According to the Space Surveillance Network, nearly 34,000 manufactured objects larger than a tennis ball are orbiting the Earth as of today. The majority of them are confined to a restricted band of elevations and positions. Around 11,000 of these are “uncontrolled.” Given this information, collisions between LEO satellites are no longer the stuff of science fiction. The first satellite collision occurred in 2009, when an Iridium satellite and a Russian military satellite collided above Siberia. In 2019, India conducted an anti-satellite missile test, which successfully hit its target but resulted in 400 pieces of space debris, some of which are still in orbit. Also, the ISS has performed three maneuvers in less than four months to prevent collisions with space debris from other satellites. These instances demonstrate that space debris is becoming an increasing danger.
Once LEO satellites have completed their mission, it is evident that they cannot be left alone in orbit. Like we should leave no trace of our trash after a picnic, space corporations must prepare ahead for the deorbiting of their satellites to ensure that the space environment remains accessible to future generations. As with any other resource on Earth, the space in which our LEO satellites orbit is limited.

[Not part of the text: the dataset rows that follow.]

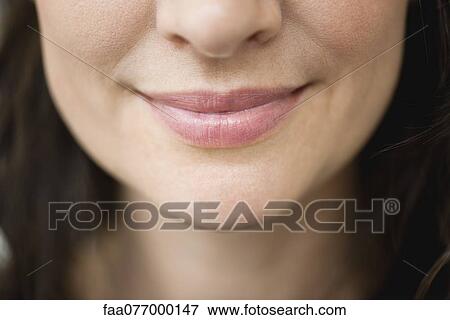 Close-up of woman's smiling lips View Large Photo Image Stock Photo - Close-up of woman's smiling lips. Fotosearch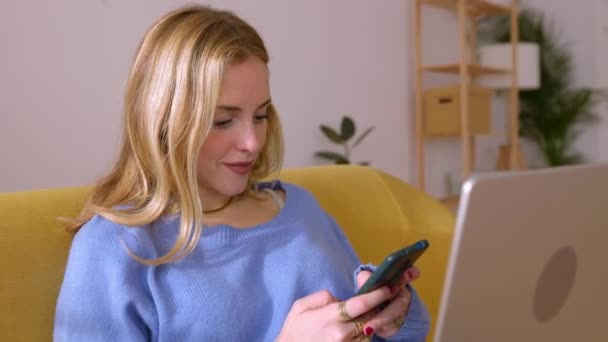 自宅でソファーに座っている間 携帯電話を使用してラップトップを持つ幸せな若い女性 技術ライフスタイルコンセプト — ストック動画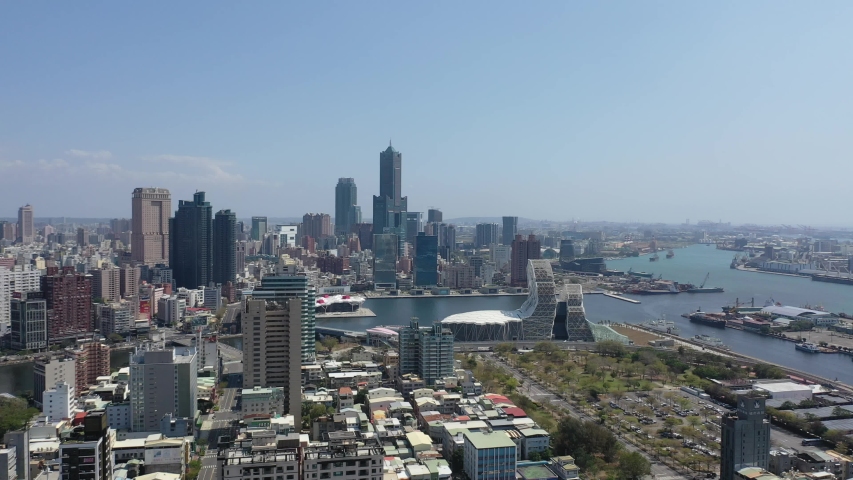 Aerial skyline of Kaohsiung, a vibrant seaport city in Southern Taiwan, with 85 Sky Tower among skyscrapers by the harbor & the futuristic architecture of Music Center by the Love River under blue sky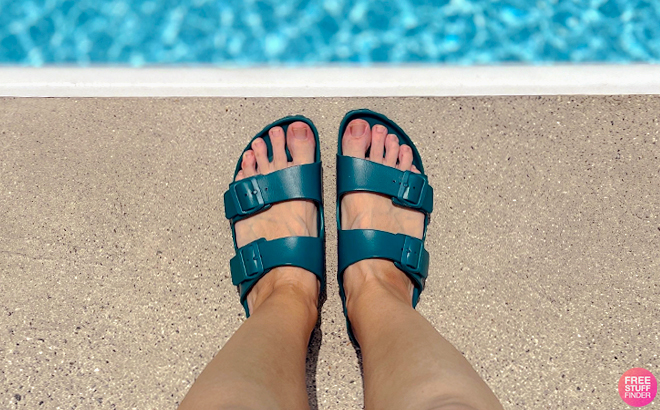 Woman Wearing Birkenstock Arizona EVA Sandals in Teal Color Next to a Pool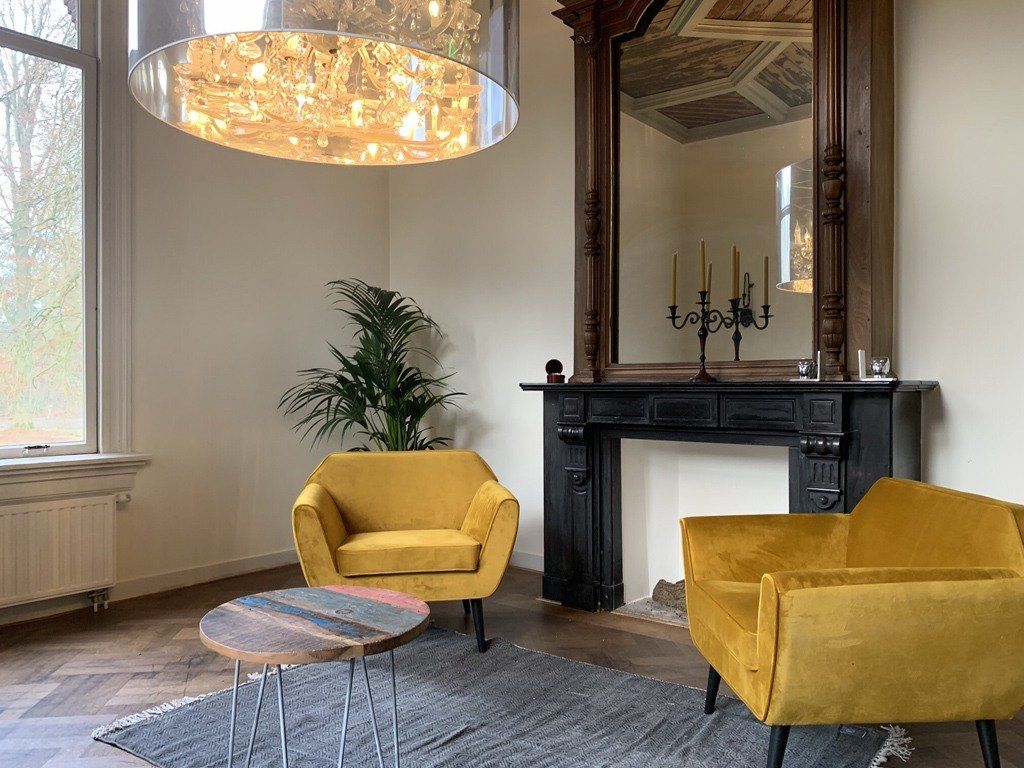 Een woonkamer met twee gele stoelen en een open haard.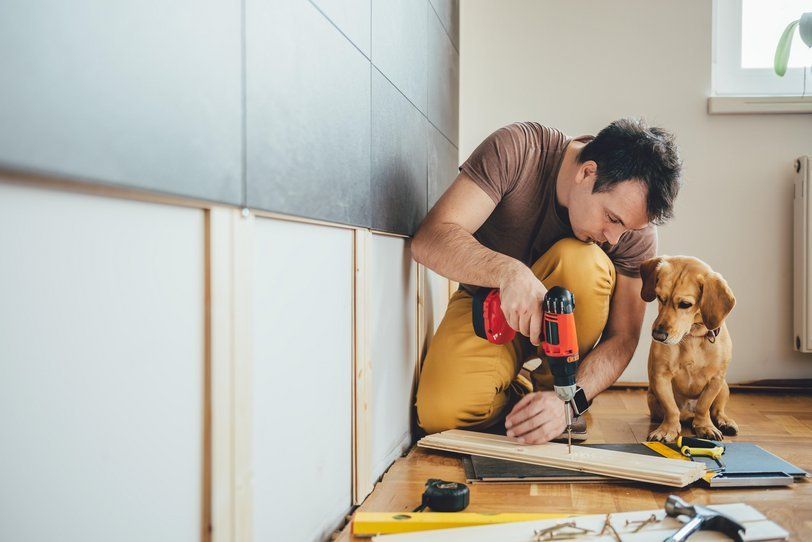 man and his dog drilling a piece of wood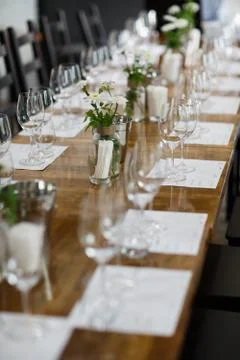 Tables setting at a luxury wedding. Table for guests. Dishes and drinks. Floral Stock Photos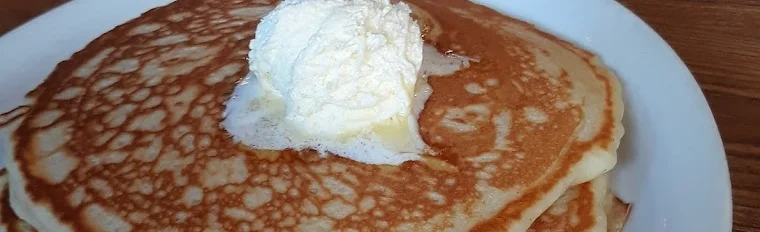 Fluffy American pancakes topped with whipped cream
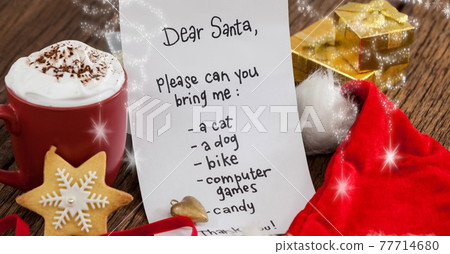 Composition of letter to santa over santa claus hat and christmas decorations 77714680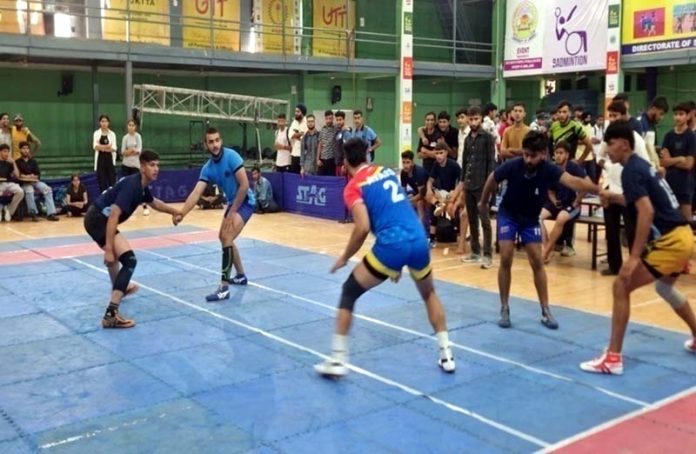 Players in action during a Basketball match at Jammu University.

The FCC’s regulations require satellite operators to submit a deorbit plan prior to launch and to take steps to deorbit the satellite within five years of the end of its operational life, so it’s evident that such regulations are the best way to reduce the risk of collisions and keep the space environment as clean as possible.

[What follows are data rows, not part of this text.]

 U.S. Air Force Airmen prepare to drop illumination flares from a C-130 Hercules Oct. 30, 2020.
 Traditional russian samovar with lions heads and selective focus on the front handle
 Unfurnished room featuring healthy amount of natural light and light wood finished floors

It is also evident that the FCC regulation arrived at the appropriate time. The last one went into effect when the existing technology and associated costs rendered debris collection and satellite downgrading nearly impossible. Due to the latest innovations in reusable rockets and the proliferation of nanosatellites, which are easier to construct, less expensive to launch, and more affordable to bring back home, a five-year period of non-function while in orbit is more than reasonable, especially considering that companies and state powers plan to launch tens of thousands of nanosatellites in various constellations. These technological improvements may result in significant space congestion if they are not properly controlled.
In addition, any industry is typically resistant to new rules, therefore strict enforcement of space debris laws will be beneficial for business. Constant upgrades are required for LEO satellite constellations, and providing the users with the most up-to-date technology in communications or surveillance will provide a competitive advantage for market leaders.
Due to the accessibility of space, the recent collisions with LEO satellites, and the necessity to maintain our space clean for everyone’s safety and security, stricter regulations on space debris were anticipated. The FCC was required to take the initial move. The global space sector is now looking ahead, anticipating that other nations would take similar steps for their enterprises, which is possible. Additionally, because nanosatellite networks will require continual system improvements to meet market demands, it is anticipated that competitiveness will rocket and new actors — some brand new and others from industries such as software, telecoms, and hardware — will enhance our ecosystem.